Reusing and PRE-cycling are much better than recycling--being conscious of what you purchase--the packaging, the life expectancy (eg., disposable this or that) of the product, what can be done with it when it no longer serves its purpose. Those issues become your personal responsibility once the transaction is made. Unfortunately, not enough people think of those things in our new and improved, "must have the latest and greatest," mass-consumption society.
I'll take that with a grain of salt until I've verified you and your degree. Not being a dick, but on the internet anyone can claim to be anything. Actually I'm thinking in terms of a waste water treatment plant. I had a tour at a few (actually, I enjoy such tours), and the worst part is at the air-injected solid separation station (I forget the official technical name). You will lose count of all the condoms floating there. Of course, off to the garbage they go. And I hope they stay there too. If anything, recycling waster water in that fashion IS ideal. The value of recycling is a matter of what it is you are recycling. Metals, glass, plastic, water, oils, whatever. And while everyone is busy debating recycling, I'll still be out picking up litter off of the forest service roads, cleaning up where the idiots weren't man enough to pick up after themselves.

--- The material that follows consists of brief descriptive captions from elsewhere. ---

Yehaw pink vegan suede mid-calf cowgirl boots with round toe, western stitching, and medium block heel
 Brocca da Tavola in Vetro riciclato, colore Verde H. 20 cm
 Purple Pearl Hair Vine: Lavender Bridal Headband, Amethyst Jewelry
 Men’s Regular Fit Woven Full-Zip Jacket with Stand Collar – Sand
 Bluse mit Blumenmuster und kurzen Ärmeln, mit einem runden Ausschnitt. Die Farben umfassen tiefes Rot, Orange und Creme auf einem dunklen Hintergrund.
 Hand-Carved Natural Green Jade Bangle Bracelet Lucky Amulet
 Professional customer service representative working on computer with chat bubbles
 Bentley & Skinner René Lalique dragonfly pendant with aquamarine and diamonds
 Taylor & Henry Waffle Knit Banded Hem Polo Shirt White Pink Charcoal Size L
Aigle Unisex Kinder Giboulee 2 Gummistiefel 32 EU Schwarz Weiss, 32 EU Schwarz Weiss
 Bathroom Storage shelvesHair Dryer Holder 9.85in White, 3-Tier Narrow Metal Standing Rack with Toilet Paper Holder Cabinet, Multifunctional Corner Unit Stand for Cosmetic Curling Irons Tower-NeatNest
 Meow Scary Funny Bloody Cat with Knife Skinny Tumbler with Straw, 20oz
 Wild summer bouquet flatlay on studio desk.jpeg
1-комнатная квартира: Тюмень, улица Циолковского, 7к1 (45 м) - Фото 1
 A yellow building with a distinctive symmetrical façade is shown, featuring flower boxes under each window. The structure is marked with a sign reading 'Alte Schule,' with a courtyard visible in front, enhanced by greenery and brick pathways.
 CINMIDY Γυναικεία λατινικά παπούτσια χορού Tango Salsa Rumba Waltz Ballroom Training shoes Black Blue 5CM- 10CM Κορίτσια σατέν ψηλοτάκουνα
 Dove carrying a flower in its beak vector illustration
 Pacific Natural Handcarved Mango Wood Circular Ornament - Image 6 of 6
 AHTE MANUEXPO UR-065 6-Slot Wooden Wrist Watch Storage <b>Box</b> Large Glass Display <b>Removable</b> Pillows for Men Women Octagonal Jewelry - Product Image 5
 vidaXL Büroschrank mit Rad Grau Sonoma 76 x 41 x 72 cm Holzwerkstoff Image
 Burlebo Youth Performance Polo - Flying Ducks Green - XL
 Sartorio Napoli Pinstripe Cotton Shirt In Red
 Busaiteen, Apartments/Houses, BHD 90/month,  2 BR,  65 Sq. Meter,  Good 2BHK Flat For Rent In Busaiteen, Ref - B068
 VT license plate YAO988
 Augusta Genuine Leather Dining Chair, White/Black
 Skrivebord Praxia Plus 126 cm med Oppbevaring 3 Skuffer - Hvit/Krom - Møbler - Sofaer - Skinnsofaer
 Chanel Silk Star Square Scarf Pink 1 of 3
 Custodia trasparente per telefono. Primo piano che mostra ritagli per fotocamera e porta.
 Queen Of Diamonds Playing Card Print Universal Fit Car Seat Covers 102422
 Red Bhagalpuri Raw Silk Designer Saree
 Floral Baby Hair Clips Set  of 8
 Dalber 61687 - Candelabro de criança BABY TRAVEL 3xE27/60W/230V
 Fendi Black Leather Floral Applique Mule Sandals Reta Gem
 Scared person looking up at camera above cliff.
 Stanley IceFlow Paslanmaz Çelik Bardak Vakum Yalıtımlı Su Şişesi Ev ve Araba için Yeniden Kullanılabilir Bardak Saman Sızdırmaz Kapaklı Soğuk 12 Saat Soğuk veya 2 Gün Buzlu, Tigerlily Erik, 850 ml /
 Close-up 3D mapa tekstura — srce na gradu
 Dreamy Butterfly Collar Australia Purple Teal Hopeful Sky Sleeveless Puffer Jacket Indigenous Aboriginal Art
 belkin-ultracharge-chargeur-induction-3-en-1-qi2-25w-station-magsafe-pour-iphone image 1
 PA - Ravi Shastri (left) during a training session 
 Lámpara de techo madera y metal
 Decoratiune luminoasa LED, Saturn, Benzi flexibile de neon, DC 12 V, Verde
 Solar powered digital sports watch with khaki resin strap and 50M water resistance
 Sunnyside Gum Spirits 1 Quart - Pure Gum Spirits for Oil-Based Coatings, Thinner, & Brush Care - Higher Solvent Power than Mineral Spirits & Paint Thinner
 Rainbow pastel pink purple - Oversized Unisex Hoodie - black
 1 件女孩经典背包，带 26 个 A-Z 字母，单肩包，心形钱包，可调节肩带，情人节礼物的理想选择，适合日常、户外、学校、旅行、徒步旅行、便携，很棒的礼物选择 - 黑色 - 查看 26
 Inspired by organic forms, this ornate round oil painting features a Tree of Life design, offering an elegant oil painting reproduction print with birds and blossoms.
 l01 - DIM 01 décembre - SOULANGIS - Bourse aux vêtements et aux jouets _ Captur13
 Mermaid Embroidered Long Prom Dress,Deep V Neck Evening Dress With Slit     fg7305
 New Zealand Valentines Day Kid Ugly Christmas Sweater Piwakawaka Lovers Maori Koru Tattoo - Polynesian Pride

I know, it's difficult to fathom. Someone who criticizes recycling of common products also has a bachelors of environmental sciences. I also believe man-made climate change is globalist agenda driven propaganda to regulate and oppress the population via carbon tax to fill Al Gore's pockets and the pockets of many other corrupt leaders. I put up with the nonsensical political views my mega-liberal professors spewed from their mouths. The news media shows film clips of ice bergs melting and cracking with the coming of summer at the poles and add scary music and convinces more than half the population. The Climategate incident with the exposed emails was the best thing that ever happened to expose the corruption of the global corporate elite. Makes me wish I'd have still been in college when it happened, just to see the look on my professors' faces. I had only one liberal professor who was open minded enough to listen to other student's viewpoints contrary to his own. But all this is off topic. Back on topic: I worked toward the degree because of my love of nature and the natural sciences. It was a very interesting topic and it didn't get me a job in the environmental field like I hoped it would. Everything I learned covered sustainable living, farming, biology, economics, environmental policy, and all that liberal arts stuff. It was in college while on a field trip touring a recycling center and a landfill which made me question the ethics and practices of recycling. The only thing I never really liked was misguided mainstream environmentalism shared by my classmates and just about everybody else out there. Granted, I still encourage backyard composting, dumpster diving, reducing, reusing, and the recycling and/or proper disposal of toxic chemicals which contaminate the landfill.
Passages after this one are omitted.